In February I went back, and found the pools had grown to the point where a small boy could have ice-skated on them. Fearing their immense weight would damage something, I arranged for the boatyard to attack the ice floes with hammers and cold chisels.

When I did eventually get on board a couple of weeks ago, after ripping the collapsed framework and tarp off the boat, I found some good things and some not so good things.

The good – I’d dreamt that the bilge had filled with rainwater until it lapped at the cabin sole and then frozen solid. Irrational, I know, but there you are. It was actually dry as a bone, bar an inch at the bottom of the sump that the pickup tube hadn’t reached. Knowing that a keel-stepped mast is an invitation for water to enter a boat, I’d emptied a gallon of RV antifreeze into the sump back in November, and left the bilge pump switched on. The antifreeze kept ice from fouling the float switch and everything did its job. What I should have done at layup time was pull the depth transducer so trapped water could find a way out before it rose above the sole.

Also good – the interior smelled dry and sweet, with not a hint of mold or mildew or rust anywhere. Obviously, enough light had penetrated the white tarps to keep the two Nicro solar vents whirring away all winter.

The not so good: Friends who borrowed the boat last year had left a full winecask on board, and I’d forgotten to take it home. The contents had frozen and expanded enough to burst the bladder. When it thawed… you can guess the rest. Thankfully, it was white wine. Sauterne in the bilge leaves a much less distinctive odour than a pinot noir or merlot.

The bad: I thought I had switched the forward electric bilge pump off back in December, but it turns out I hadn’t. It sits in the forward bilge, ahead of the mast, and is one of those that turns itself on momentarily every few minutes to sense the water level, and then pumps the offending H20 into the main bilge. Over the space of two and a half months this, combined with the occasional draw from the main bilge pump, had sucked the house battery dry. It was stone cold dead. Battery electrolyte won’t freeze unless the battery is more than 25 per cent discharged, which my battery obviously was; it scarcely registered on the multimeter, and wouldn’t even take a charge. Inspection revealed that the electrolyte (which I’d topped off last fall) in three of the chambers was below the top of the plates.

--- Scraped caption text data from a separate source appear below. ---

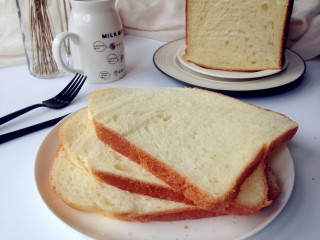 14、面包机版鸡蛋吐司,放凉后再切片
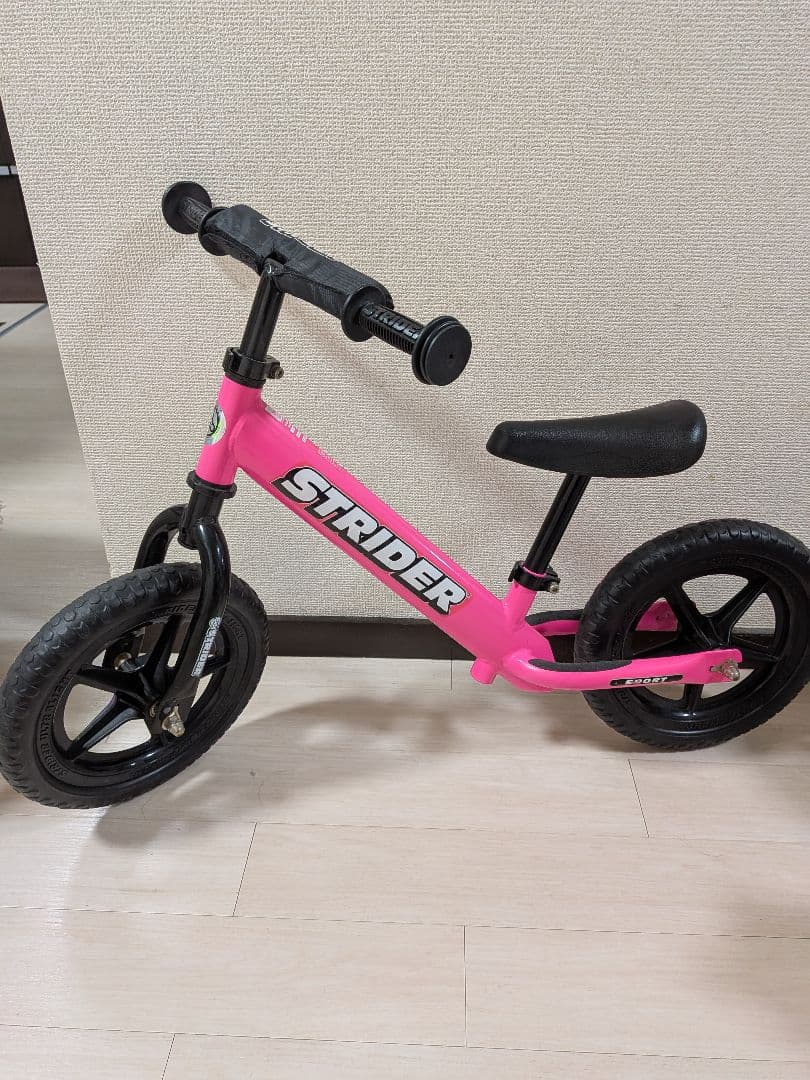 ストライダー 12インチ ピンク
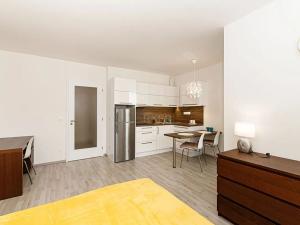 Pronájem bytu 1+kk, Praha - Vysočany, Strnadových, 33 m2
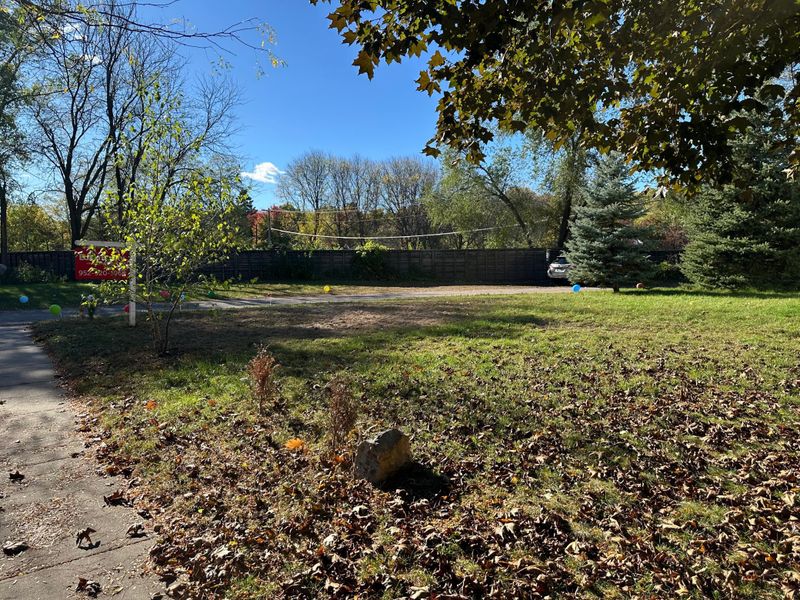 1611 Race St, North Saint Paul, MN 55102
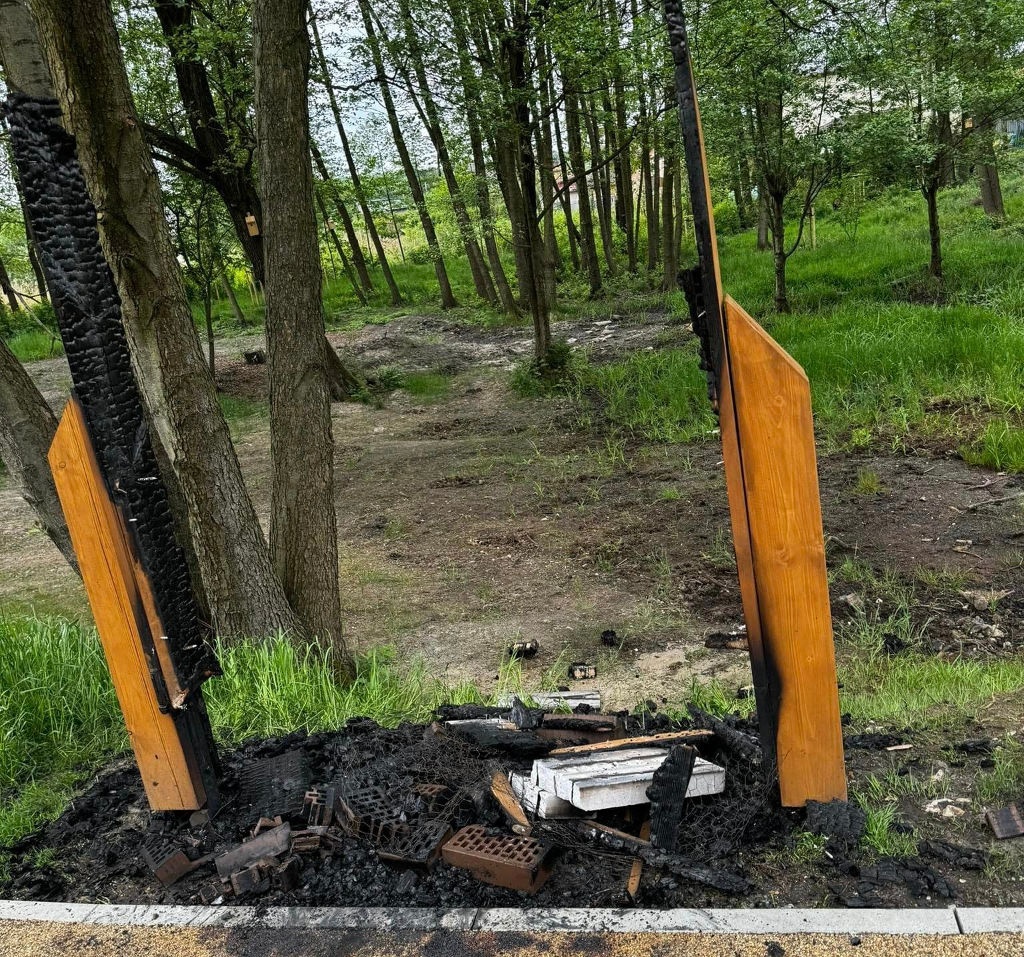 Wandale dewastują nowy park w Kostuchnie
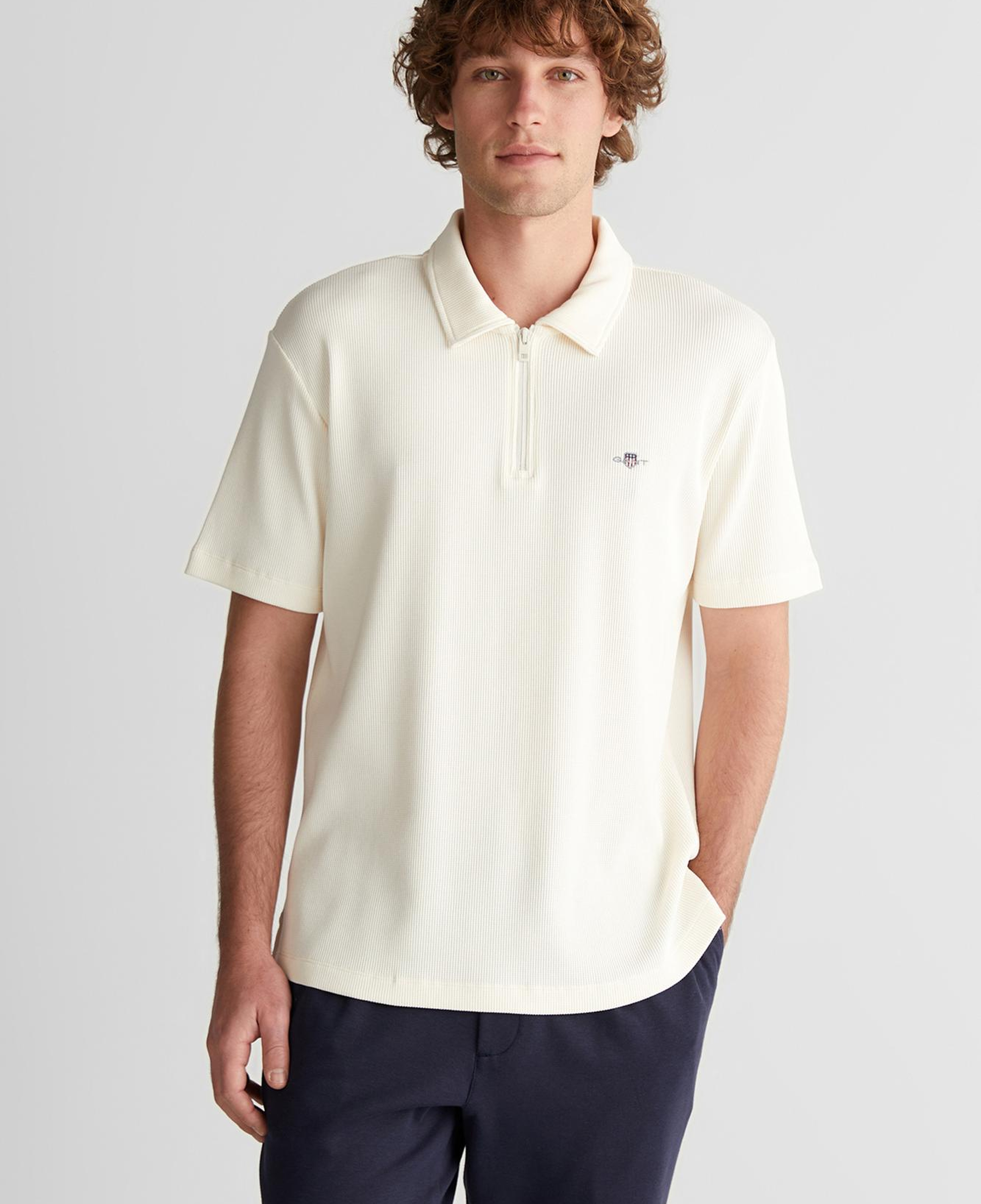 GANT Erkek Krem Relaxed Fit Yarım Fermuarlı Logolu Polo Yaka T-Shirt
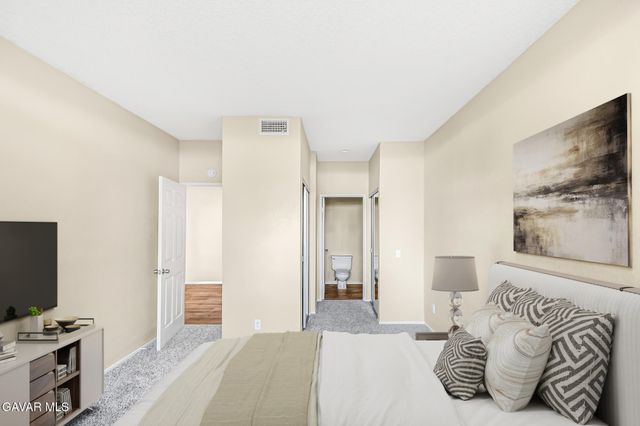 2805 W Avenue K 12 Apt 143, Lancaster, CA 93536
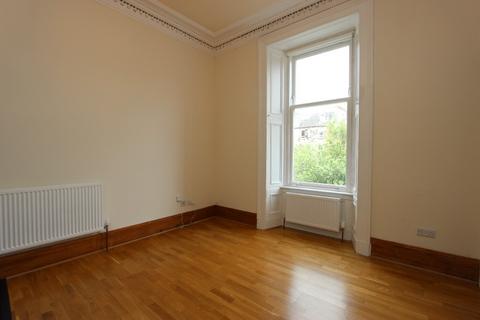 2 bedroom flat to rent, Albert Road, Queens Park, Glasgow, G42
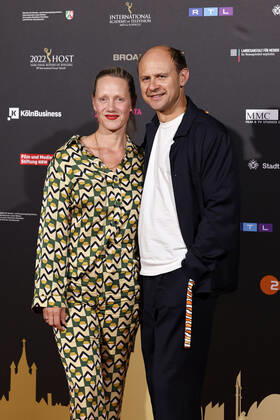 Schauspieler Moritz Führmann mit Ehefrau und Schauspielerin Anna Schudt beim Kölner Emmy Cocktail 2022 anlässlich der 16. Kölner Jurysitzung des International Emmy auf Schloss Arff. Köln, 31.08.2022 NRW Deutschland Copyright: xChristophxHardtx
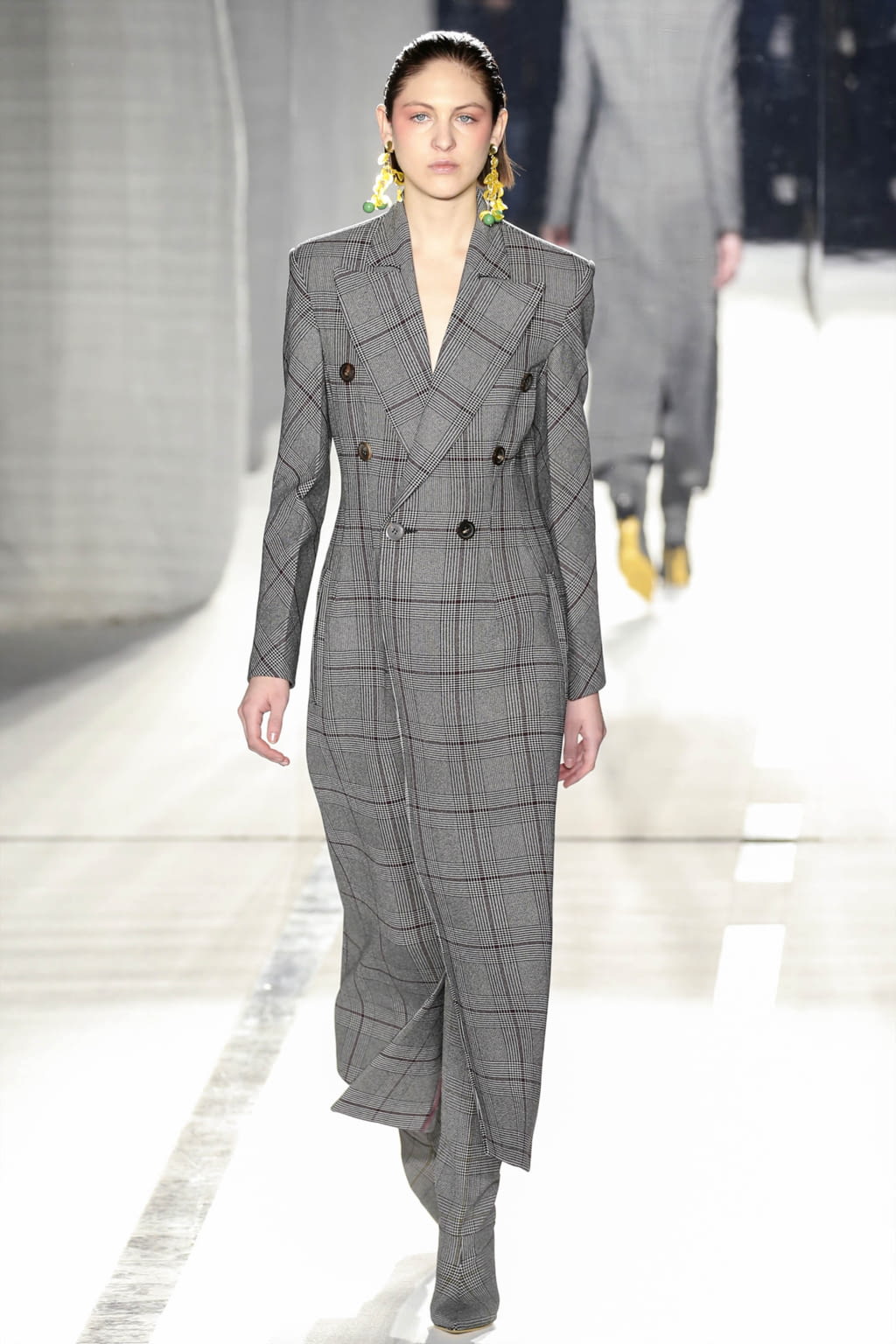 Fashion Week Milan Fall/Winter 2017 look 1 from the Mila Schön collection womenswear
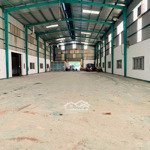 Cho thuê kho xưởng ngay ngã 4 xuân phương,diện tíchsd 400m2 mặt tiền 15m, đủ điện 3 pha pccc giá bán 33 triệu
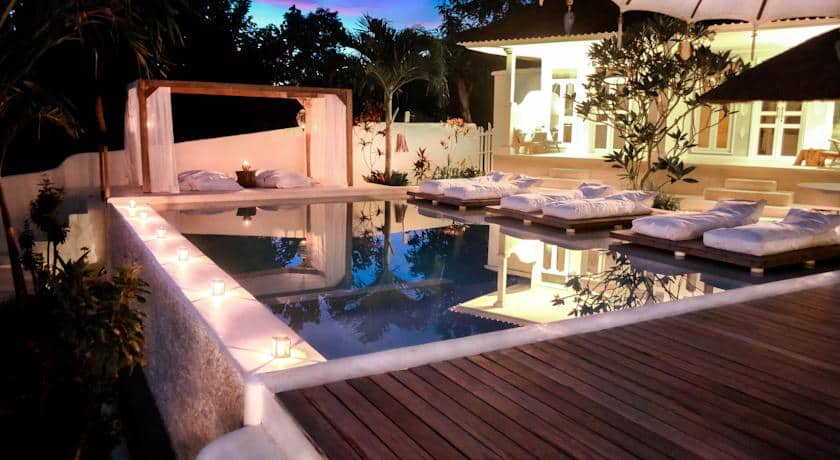 Guide to Surfing Bali | Places to stay | Sal Hotel
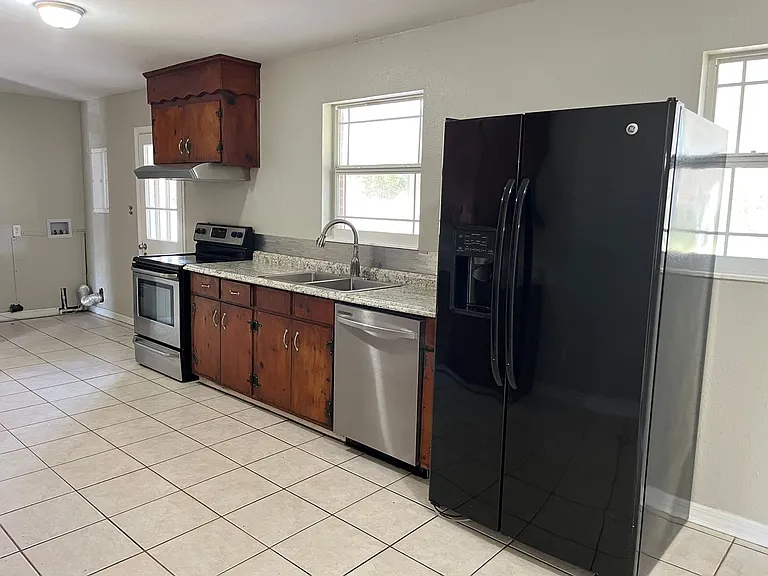 423 SE Country Club Rd — Photo 6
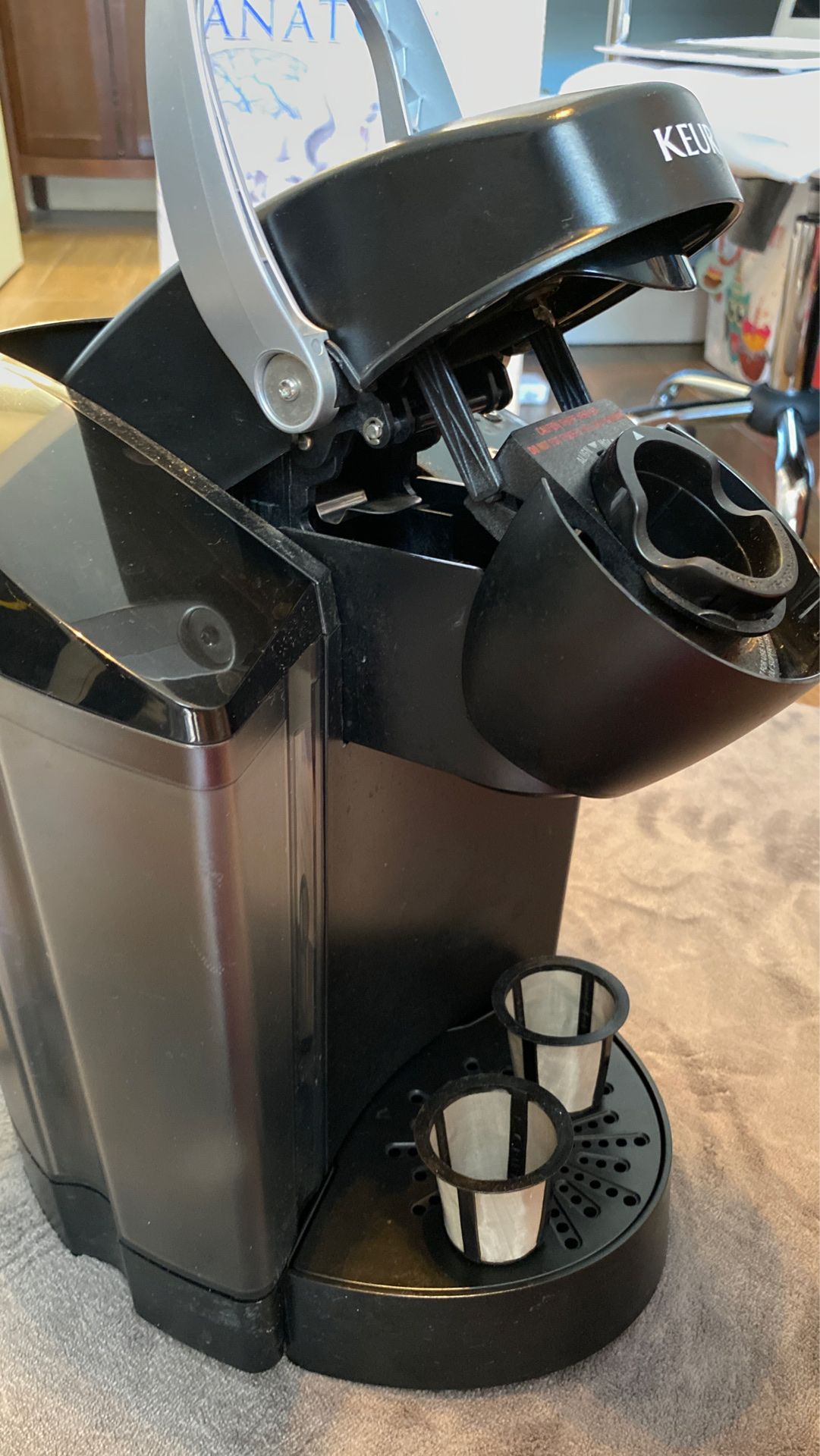 KEURIG kcup coffee maker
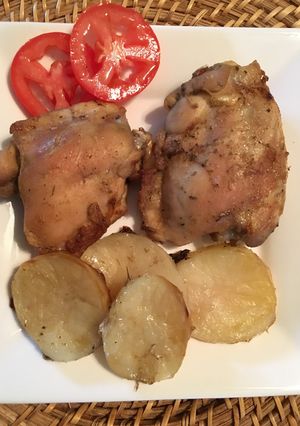 Una foto de Pollo Provenzal en Cama de Patatas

Not being as dumb as this makes me sound, I did have an automotive, supposedly automatic float charger hooked up to the house battery. I suspect this was my downfall. The charger had, I think, failed to switch itself off, and had overcharged the battery, leading to electrolyte loss and something horrible called plate sulfation. The battery discharged and froze solid. In short, a combination of carelessness and bad luck had ruined an expensive battery. On the other hand the starter battery, which I’d left disconnected from everything, still showed a relatively healthy 12.5 volts.

So, I’m down $120 for a new Group 27 deep cycle battery. Two, actually, because this spring’s main project was going to be expanding the size of the house battery bank. Maybe I’ll just switch over to LED lights instead. ..

2 comments:

J Duncan Gould said...

It's a sad state of affairs when you're dreaming about the boatyard! Somebody made the analogy regarding those bilge pumps that come on every ten or fifteen minutes that it's like having your car start every quarter hour just in case you needed it. I think the poor pump would come on something like 52,560 times a year; that's dubious engineering. I sincerely hope you get Spring soon, it sounds like you need it! Cheers, Duncan Gould

XML Aficionado said...

Ahhh, the vision of spring and the coming boating season. I launched last week, and - to my great pleasure - found that my batteries have survied the winter intact. I can confirm that the disconnect strategy works best - at least it does for me.